(Records shown begins)

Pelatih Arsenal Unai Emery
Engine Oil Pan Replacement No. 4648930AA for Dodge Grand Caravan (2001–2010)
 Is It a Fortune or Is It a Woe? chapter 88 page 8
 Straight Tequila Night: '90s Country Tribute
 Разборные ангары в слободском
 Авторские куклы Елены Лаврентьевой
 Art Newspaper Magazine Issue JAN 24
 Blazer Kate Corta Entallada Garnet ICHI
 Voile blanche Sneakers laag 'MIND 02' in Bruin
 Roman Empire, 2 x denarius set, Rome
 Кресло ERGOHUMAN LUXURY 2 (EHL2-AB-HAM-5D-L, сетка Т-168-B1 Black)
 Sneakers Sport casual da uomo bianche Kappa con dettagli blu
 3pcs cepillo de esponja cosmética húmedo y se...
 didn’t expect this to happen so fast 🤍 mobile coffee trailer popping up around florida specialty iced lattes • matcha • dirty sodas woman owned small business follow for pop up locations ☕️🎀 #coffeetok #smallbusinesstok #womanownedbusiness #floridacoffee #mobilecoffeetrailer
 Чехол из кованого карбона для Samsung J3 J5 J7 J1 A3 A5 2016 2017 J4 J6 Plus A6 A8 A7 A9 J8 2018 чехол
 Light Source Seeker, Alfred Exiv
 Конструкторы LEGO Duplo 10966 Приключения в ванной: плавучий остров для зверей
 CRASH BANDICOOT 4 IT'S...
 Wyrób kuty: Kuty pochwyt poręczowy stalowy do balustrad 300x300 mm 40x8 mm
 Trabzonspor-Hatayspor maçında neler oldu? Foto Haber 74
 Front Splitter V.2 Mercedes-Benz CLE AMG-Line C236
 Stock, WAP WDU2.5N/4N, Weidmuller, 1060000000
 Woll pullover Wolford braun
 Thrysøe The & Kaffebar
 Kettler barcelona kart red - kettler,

(Records shown ends)

When the line with "Разборные ангары в слободском" is reached in the data above, begin copying, and stop after the line with "3pcs cepillo de"; copy each line exactly, both ends included.

 Разборные ангары в слободском
 Авторские куклы Елены Лаврентьевой
 Art Newspaper Magazine Issue JAN 24
 Blazer Kate Corta Entallada Garnet ICHI
 Voile blanche Sneakers laag 'MIND 02' in Bruin
 Roman Empire, 2 x denarius set, Rome
 Кресло ERGOHUMAN LUXURY 2 (EHL2-AB-HAM-5D-L, сетка Т-168-B1 Black)
 Sneakers Sport casual da uomo bianche Kappa con dettagli blu
 3pcs cepillo de esponja cosmética húmedo y se...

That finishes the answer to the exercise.